Instructions to follow —
The following data has a line with "615 Soliel DR-10" and a line with "2000 Island Blvd # 1203". Write out exactly those lines and all the lines between them.

Exercise materials —
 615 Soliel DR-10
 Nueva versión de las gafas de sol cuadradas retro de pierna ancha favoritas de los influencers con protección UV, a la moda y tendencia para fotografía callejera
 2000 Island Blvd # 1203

--

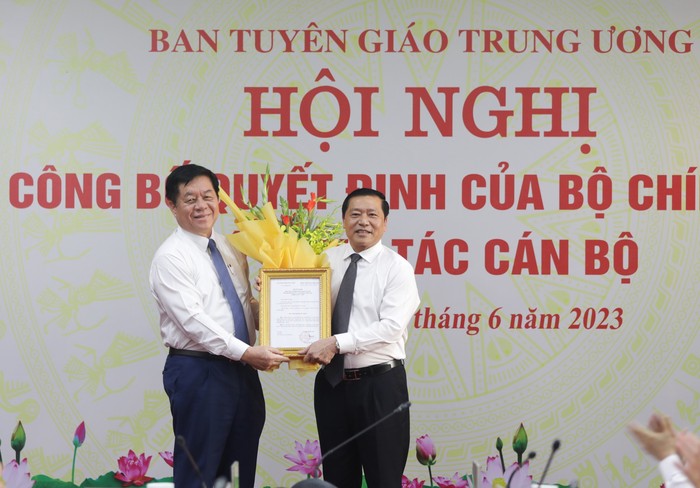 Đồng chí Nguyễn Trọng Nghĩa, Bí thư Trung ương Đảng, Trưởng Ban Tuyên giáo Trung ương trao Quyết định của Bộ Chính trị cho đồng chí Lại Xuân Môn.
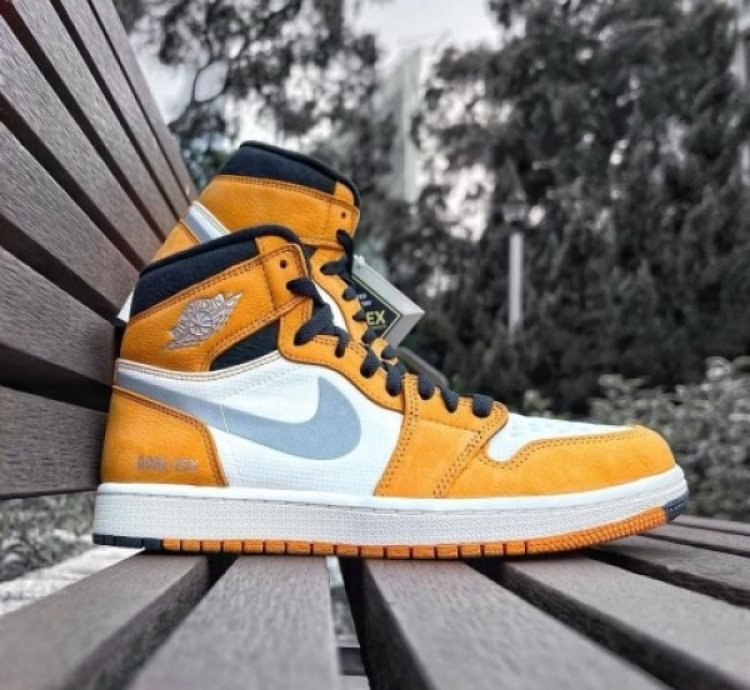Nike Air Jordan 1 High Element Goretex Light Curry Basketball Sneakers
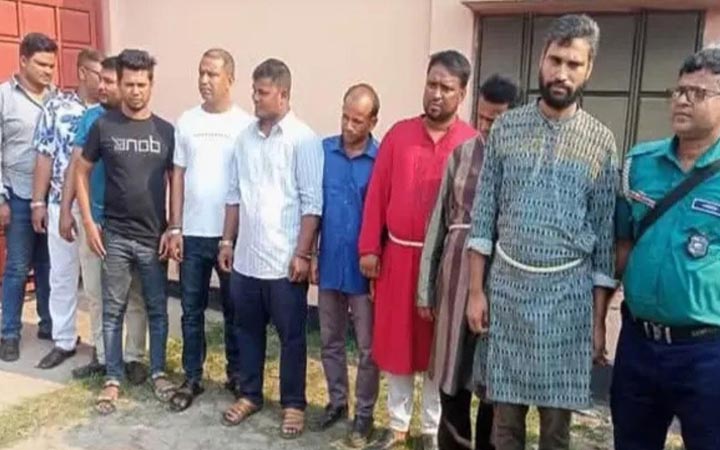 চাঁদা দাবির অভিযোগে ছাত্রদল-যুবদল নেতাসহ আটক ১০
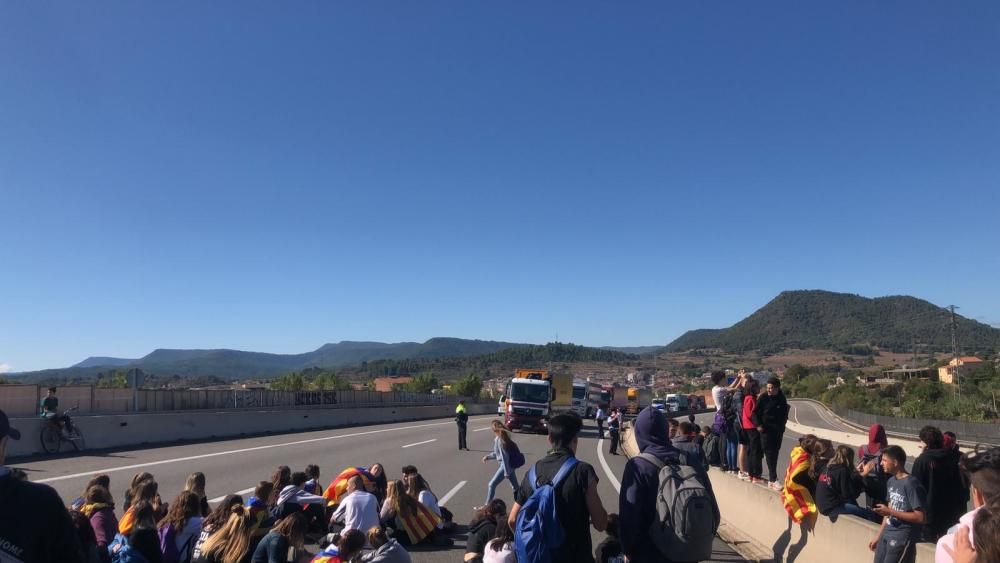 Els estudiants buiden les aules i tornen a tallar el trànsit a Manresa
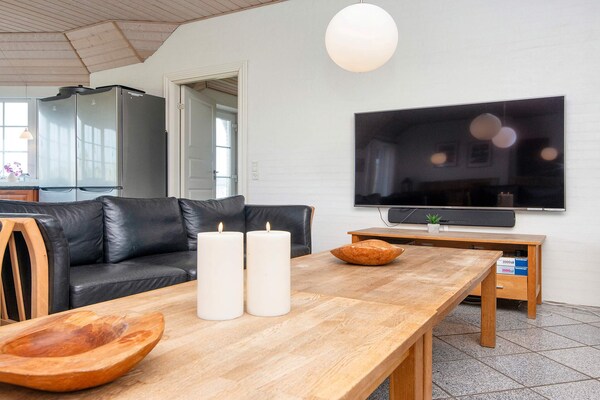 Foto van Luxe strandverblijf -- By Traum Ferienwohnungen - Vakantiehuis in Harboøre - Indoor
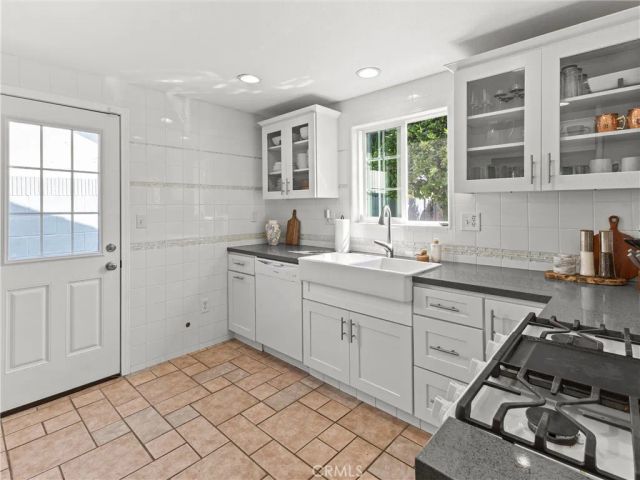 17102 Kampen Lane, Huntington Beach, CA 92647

Answer for this exercise —
 615 Soliel DR-10
 Nueva versión de las gafas de sol cuadradas retro de pierna ancha favoritas de los influencers con protección UV, a la moda y tendencia para fotografía callejera
 2000 Island Blvd # 1203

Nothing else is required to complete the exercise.